Locating the Clues of Declining Success Rate of Service Calls
Guoping Rong,Hao Wang,Yong You,He Zhang,Jialin Sun,Dong Shao,Yangchen Xu
DOI: https://doi.org/10.1109/issre5003.2020.00039
2020-10-01
Abstract:For many on-line systems with massive users, to provide services continuously and steadily is vital for business, which requires the anomalies of services should be located and resolved in a timely manner. As a common IT infrastructure, various APM (Application Performance Management) systems/frameworks have been adopted to monitor each call request to a service. Nevertheless, the call request may contain multidimensional attributes (e.g., City, ISP, Platform, etc.), which may further contain multiple values (e.g., ISP could be T-Mobile, CMCC, etc.). As a result, an anomaly such as DSR (Declining Success Rate) to service typically occurs with a combination of such attribute values, which creates major challenges to locate the root cause of the anomaly due to potentially huge numbers of the combinations.
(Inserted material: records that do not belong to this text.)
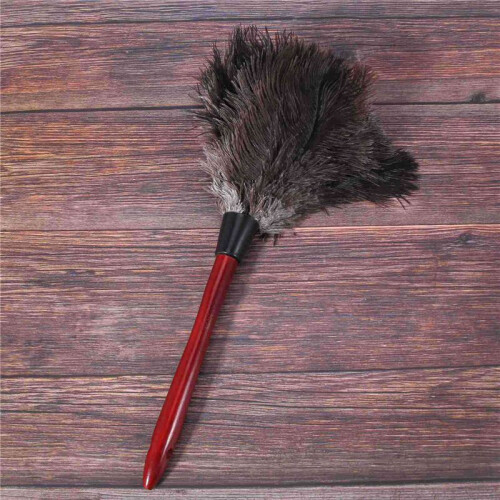 6X Ostrich Cleaning Feather Duster Ostrich Duster Ostrich Feather Duster Soft Feathers Duster 2
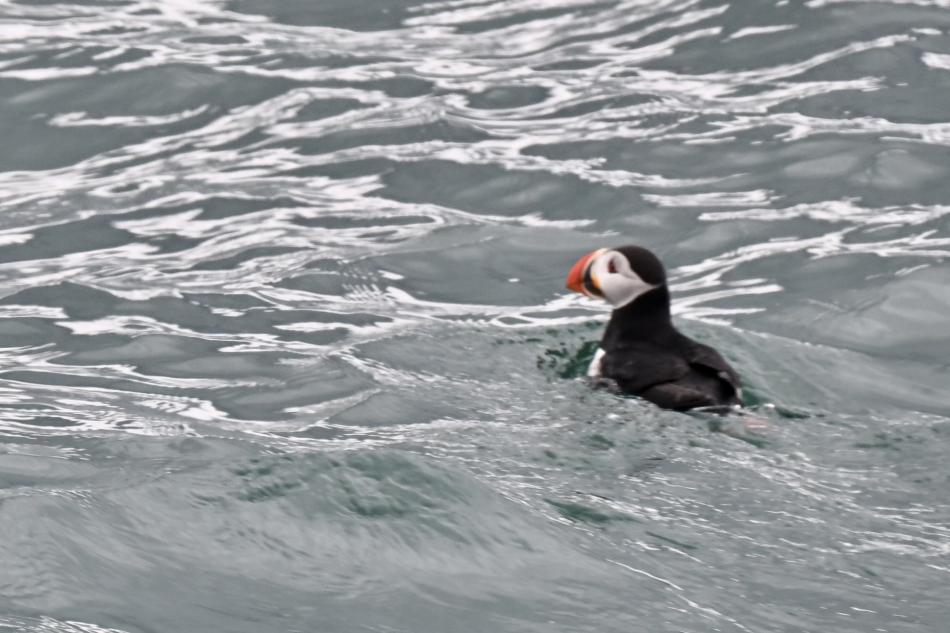 atlantic puffin sitting on the surface of the ocean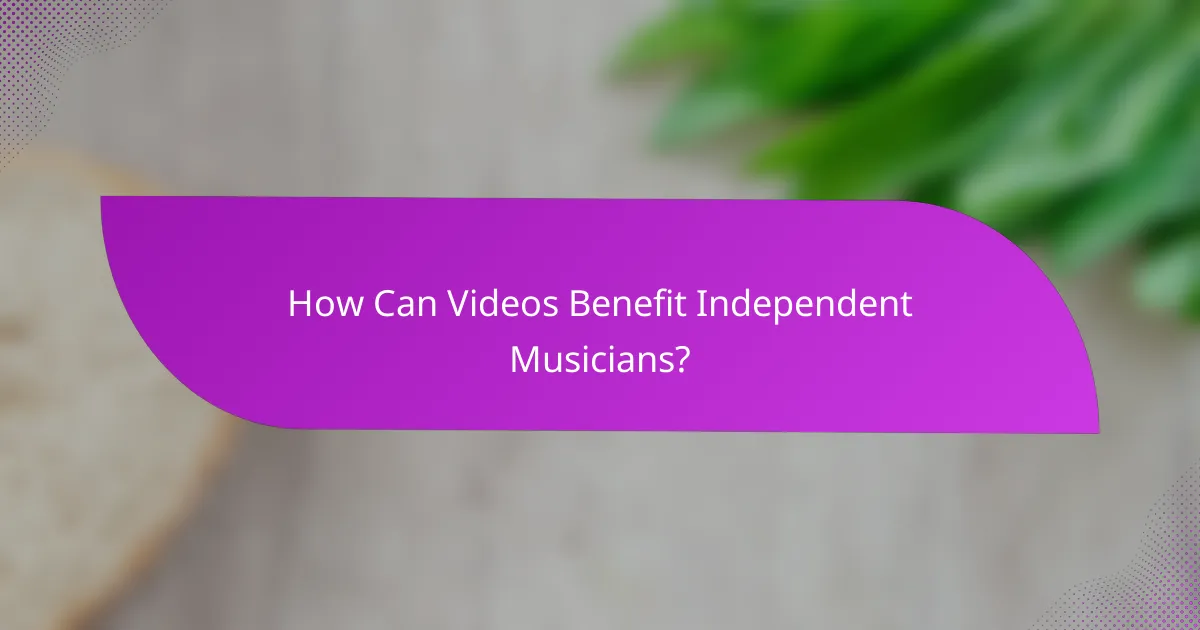 How Can Videos Benefit Independent Musicians?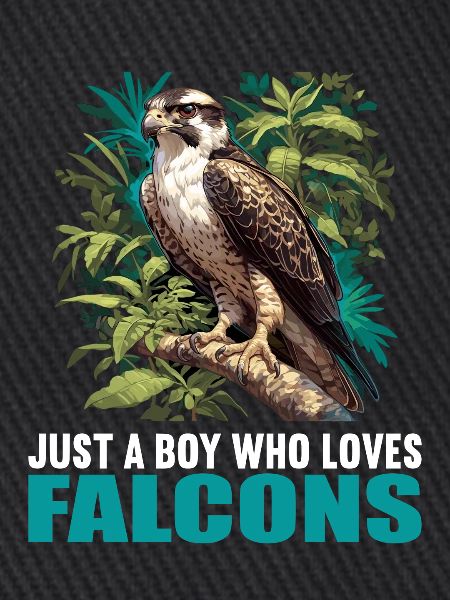 Falken Falke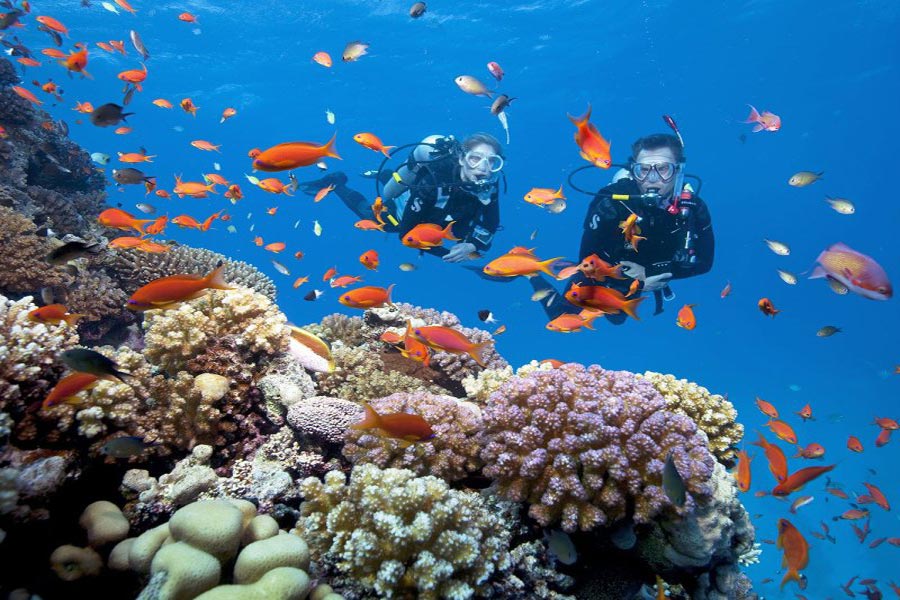 Punti salienti dell'esperienza di immersione subacquea a Hoi An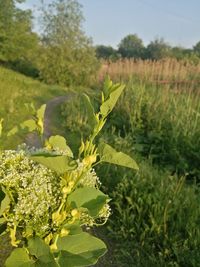 Plant growing on field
In this paper, we propose a novel method, ImpAPTr (Impact Analysis based on Pruning Tree), to identify the combination of dimensional attributes as the clues leading to the root cause of anomalies regarding DSR timely. In the evaluation with the simulated dataset, ImpAPTr detects valid clues in milliseconds with an accuracy of 99.37% (within the top 10 candidate results), 97.72% (top 5), and 94.51% (top 3), respectively, which outperforms previous approaches to a large degree. A field test with a production environment dataset indicates that ImpAPTr is able to detect valid clues in a few seconds.